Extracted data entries
==========

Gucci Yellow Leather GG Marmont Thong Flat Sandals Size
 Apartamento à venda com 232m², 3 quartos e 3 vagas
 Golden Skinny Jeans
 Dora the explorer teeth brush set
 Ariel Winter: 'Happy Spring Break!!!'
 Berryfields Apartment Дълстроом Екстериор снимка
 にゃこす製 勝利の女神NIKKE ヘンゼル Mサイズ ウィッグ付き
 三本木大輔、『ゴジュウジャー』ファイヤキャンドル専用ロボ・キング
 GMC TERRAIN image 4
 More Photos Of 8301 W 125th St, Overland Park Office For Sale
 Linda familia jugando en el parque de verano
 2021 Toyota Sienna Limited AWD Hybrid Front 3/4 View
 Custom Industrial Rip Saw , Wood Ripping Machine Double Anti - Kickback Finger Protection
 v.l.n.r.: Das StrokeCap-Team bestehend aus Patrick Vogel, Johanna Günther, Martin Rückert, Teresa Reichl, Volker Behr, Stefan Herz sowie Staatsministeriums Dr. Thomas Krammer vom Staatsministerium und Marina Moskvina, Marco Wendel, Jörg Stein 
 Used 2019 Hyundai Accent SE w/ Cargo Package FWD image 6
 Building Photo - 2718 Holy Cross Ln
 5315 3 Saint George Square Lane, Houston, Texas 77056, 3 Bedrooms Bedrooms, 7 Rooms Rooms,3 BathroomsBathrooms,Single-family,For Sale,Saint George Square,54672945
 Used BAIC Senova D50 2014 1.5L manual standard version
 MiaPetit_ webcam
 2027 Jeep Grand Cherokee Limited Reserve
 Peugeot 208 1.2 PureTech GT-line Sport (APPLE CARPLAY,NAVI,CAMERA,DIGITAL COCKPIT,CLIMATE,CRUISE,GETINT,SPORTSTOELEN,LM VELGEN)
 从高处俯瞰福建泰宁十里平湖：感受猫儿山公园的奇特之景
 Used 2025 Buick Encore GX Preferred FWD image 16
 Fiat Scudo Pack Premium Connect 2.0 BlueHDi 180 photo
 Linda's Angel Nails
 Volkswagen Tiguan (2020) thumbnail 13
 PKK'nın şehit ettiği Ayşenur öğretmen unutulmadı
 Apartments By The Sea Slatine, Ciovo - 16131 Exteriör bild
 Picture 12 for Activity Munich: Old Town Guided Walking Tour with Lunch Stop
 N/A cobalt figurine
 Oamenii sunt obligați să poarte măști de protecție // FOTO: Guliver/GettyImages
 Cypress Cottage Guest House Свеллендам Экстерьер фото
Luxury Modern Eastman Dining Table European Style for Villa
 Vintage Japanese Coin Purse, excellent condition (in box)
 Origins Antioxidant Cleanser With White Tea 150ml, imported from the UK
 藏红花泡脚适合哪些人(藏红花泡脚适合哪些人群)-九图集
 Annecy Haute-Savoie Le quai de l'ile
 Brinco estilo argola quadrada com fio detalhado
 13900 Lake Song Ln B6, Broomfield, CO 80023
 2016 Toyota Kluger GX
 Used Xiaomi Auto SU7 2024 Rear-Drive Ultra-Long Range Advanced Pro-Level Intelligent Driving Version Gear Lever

==========

Give the number of lines in the records where the word "Used" occurs, and add nothing.

* TASK RESPONSE
4